RECORDS PROVIDED:
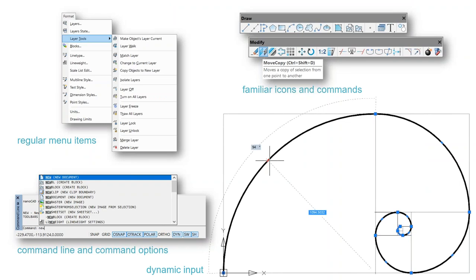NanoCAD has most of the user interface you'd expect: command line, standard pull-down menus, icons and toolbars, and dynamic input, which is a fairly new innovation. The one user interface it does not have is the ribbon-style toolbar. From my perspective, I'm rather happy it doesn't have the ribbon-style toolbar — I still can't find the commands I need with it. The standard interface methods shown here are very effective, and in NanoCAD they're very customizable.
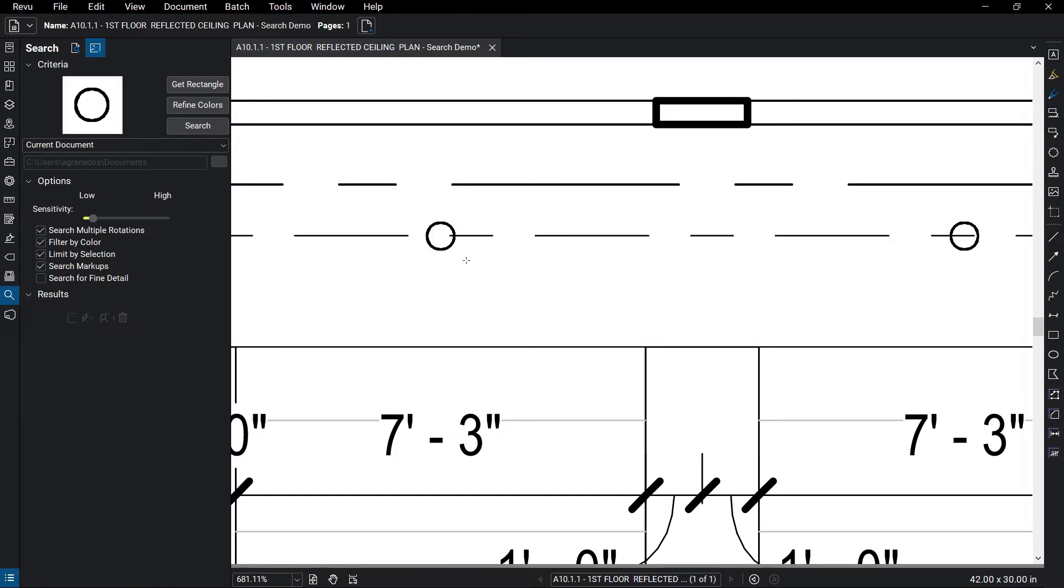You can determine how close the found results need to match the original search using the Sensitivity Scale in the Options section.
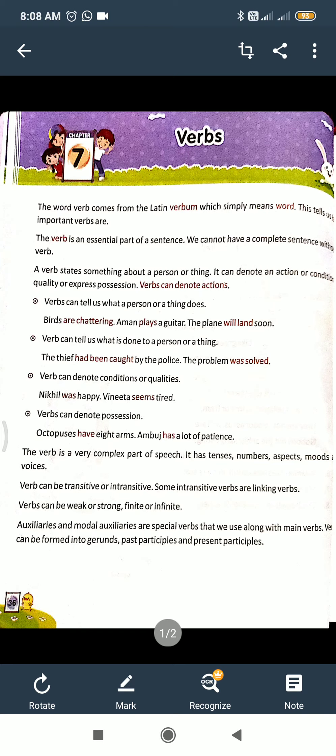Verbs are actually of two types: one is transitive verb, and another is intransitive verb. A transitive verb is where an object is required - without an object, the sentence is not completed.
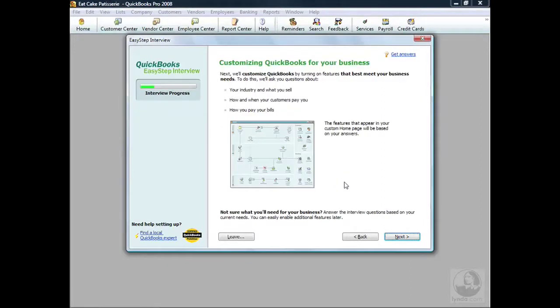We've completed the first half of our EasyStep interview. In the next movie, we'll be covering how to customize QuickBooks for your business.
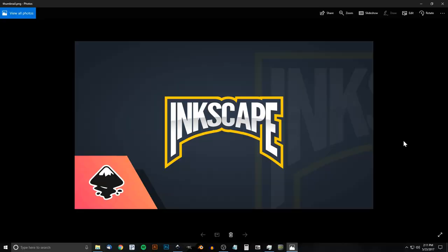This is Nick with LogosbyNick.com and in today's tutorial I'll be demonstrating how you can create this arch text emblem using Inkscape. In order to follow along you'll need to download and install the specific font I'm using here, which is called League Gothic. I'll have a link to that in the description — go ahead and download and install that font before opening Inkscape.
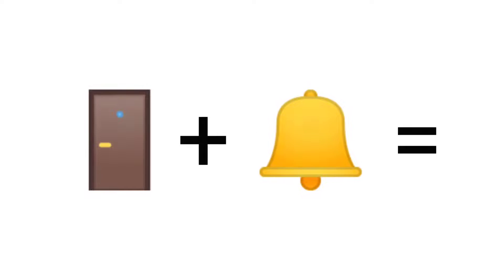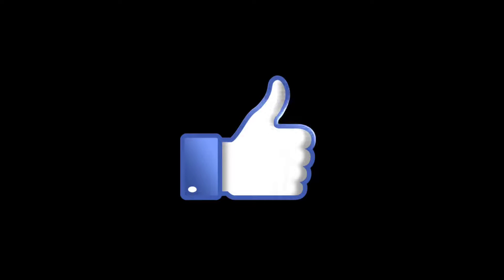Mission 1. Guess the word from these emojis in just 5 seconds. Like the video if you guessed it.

TASK DESCRIPTION: All lines from the one holding "Verbs are actually" through the last line of the records need to be copied exactly, both ends included, and the pictures left behind.

WRITTEN RESPONSE:
Verbs are actually of two types: one is transitive verb, and another is intransitive verb. A transitive verb is where an object is required - without an object, the sentence is not completed.
We've completed the first half of our EasyStep interview. In the next movie, we'll be covering how to customize QuickBooks for your business.
This is Nick with LogosbyNick.com and in today's tutorial I'll be demonstrating how you can create this arch text emblem using Inkscape. In order to follow along you'll need to download and install the specific font I'm using here, which is called League Gothic. I'll have a link to that in the description — go ahead and download and install that font before opening Inkscape.
Mission 1. Guess the word from these emojis in just 5 seconds. Like the video if you guessed it.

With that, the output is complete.